Um disparate de filme

Para quem for fã de longa data do lendário detective ficcional criado por Arthur Conan Doyle e, sobretudo, da sua encarnação quase perfeita por Jeremy Brett na série televisiva da década de 1980, esta "reinvenção" da personagem às mãos de Guy Ritchie (o ex-sr. Madonna) e do produtor Joel Silver é nada menos que sacrílega. Por uma razão simples: esta história original que lança Holmes e o seu companheiro Watson nas pegadas de um nobre dedicado à magia negra é uma aventura esquizofrénica que, na sua ânsia de agradar a um público mais jovem, acaba por ser um monstro de Frankenstein criado em função do "marketing" mais do que uma tentativa sincera de actualizar a personagem.


Trocando por miúdos: ver Holmes a jogar boxe? Tudo bem. Atirá-lo para o meio de uma sequência de efeitos visuais centrada numa luta com um colosso musculado francês num estaleiro com um navio à beira de ser lançado à água? Francamente idiota, e com pouco ou nada a ver com a pacatez vitoriana da personagem. É uma ideia "americana" e filisteia do que uma actualização da personagem deve ser, mais próximo dos "serials" ou das adaptações livres da Hollywood clássica, e não ajuda nada que Ritchie dirija a coisa como se estivesse a fazer uma comédia de acção moderna, com diálogo de sitcom e cenas de pancadaria a intervalos regulares.

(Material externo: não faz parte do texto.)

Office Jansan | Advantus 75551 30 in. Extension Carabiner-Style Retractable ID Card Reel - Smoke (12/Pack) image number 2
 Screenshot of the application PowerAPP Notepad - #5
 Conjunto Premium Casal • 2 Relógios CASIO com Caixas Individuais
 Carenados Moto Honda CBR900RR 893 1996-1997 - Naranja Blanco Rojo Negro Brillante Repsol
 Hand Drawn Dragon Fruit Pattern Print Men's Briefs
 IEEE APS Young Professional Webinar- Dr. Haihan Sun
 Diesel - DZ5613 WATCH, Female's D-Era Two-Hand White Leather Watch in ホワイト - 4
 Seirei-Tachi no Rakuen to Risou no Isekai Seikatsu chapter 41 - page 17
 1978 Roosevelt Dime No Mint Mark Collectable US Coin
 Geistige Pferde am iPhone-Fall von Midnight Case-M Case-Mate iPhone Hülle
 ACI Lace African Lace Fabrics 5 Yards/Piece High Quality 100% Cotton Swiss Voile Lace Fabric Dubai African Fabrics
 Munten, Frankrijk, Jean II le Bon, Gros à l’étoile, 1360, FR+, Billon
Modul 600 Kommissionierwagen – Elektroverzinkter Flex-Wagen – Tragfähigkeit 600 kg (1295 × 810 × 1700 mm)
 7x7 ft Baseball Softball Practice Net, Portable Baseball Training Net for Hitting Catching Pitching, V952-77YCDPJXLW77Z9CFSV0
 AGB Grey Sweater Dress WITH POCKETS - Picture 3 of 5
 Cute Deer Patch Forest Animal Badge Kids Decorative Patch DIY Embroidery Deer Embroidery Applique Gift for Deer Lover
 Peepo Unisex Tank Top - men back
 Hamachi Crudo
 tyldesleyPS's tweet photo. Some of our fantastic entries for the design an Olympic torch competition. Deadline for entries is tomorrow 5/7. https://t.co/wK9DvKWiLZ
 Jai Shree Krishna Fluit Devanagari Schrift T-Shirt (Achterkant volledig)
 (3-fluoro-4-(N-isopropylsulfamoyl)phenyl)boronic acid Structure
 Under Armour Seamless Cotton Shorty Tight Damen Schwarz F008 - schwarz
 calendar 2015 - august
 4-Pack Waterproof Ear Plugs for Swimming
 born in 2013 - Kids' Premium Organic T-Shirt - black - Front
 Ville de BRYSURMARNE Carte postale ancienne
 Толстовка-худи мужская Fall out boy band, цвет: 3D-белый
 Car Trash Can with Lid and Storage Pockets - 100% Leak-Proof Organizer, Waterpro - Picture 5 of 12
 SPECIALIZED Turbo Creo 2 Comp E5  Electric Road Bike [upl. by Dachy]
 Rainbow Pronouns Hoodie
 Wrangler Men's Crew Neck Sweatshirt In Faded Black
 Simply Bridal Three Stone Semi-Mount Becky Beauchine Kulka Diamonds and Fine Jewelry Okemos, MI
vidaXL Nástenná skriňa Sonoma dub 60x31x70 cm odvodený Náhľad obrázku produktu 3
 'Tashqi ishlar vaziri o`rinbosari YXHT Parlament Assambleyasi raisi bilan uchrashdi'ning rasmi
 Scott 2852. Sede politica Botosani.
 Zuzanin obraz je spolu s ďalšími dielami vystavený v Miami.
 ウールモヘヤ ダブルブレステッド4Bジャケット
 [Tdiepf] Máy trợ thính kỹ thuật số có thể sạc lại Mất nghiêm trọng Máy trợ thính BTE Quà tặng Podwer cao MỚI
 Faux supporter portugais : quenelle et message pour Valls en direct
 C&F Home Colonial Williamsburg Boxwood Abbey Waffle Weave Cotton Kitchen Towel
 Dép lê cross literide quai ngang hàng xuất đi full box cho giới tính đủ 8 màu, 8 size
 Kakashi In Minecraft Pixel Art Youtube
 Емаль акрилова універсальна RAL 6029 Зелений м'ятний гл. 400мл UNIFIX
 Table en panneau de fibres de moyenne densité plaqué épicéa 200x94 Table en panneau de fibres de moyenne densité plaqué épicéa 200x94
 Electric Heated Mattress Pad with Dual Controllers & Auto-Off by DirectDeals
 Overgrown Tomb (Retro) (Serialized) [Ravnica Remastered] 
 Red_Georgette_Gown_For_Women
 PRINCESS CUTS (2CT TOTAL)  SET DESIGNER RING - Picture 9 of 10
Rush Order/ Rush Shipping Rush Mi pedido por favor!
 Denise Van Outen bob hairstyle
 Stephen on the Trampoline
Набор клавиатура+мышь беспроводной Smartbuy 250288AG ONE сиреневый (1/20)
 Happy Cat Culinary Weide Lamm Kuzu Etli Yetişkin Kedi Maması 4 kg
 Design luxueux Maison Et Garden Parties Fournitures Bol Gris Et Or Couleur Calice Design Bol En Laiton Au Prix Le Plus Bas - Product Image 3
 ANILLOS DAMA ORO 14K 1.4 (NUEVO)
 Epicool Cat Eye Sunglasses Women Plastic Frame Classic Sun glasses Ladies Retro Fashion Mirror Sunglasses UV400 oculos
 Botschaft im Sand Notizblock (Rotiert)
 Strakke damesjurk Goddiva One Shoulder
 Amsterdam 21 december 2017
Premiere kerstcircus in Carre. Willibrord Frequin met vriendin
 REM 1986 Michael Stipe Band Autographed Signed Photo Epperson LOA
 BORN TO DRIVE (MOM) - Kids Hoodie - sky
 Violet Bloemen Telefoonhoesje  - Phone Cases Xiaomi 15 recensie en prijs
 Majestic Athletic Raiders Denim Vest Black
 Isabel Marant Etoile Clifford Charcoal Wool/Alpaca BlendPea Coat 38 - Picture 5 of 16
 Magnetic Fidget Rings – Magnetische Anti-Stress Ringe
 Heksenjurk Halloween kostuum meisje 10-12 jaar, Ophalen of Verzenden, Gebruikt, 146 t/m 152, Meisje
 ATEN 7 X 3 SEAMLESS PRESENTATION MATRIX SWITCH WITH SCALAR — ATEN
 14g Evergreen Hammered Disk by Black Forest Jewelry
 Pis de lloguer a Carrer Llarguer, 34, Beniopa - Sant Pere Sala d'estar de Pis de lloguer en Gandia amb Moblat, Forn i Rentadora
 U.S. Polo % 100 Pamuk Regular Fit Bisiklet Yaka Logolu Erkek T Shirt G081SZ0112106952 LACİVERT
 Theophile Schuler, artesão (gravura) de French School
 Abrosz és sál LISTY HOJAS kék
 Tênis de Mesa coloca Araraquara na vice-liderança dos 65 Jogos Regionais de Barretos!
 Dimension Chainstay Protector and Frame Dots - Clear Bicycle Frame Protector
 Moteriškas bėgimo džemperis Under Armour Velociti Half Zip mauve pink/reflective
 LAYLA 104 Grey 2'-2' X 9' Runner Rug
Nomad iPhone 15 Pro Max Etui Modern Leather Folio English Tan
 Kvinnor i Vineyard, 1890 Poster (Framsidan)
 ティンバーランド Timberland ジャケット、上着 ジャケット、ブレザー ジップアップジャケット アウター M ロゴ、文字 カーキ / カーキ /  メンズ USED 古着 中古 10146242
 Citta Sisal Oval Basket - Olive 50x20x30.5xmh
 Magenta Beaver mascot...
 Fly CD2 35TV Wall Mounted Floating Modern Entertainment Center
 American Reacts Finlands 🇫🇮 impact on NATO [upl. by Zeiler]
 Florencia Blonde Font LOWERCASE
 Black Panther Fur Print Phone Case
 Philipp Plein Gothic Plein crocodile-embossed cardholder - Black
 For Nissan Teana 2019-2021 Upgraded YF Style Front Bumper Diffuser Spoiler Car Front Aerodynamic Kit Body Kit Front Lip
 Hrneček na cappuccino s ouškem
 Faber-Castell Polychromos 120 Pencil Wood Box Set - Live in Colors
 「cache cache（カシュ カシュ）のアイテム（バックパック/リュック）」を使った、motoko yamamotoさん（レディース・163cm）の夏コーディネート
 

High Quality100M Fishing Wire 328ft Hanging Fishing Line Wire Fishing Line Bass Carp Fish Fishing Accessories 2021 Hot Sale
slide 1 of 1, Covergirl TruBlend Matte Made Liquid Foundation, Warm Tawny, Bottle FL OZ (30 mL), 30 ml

Referidas estas reservas, também é verdade que este "Sherlock Holmes" acaba por se ver sem fastio. Houve a inteligência de reter muitas das idiossincrasias e excentricidades da personagem original, que Robert Downey Jr. faz sua com truculência e respeito. Depois, há verdadeira química entre Downey Jr e Jude Law como Watson, respeitando o "caderno de encargos" sem trair o espírito das histórias originais. E, finalmente, porque a coisa se mexe depressa e não chateia. Não deixa por isso de ser um disparate de filme - mas disparate por disparate antes isto que os "Transformers".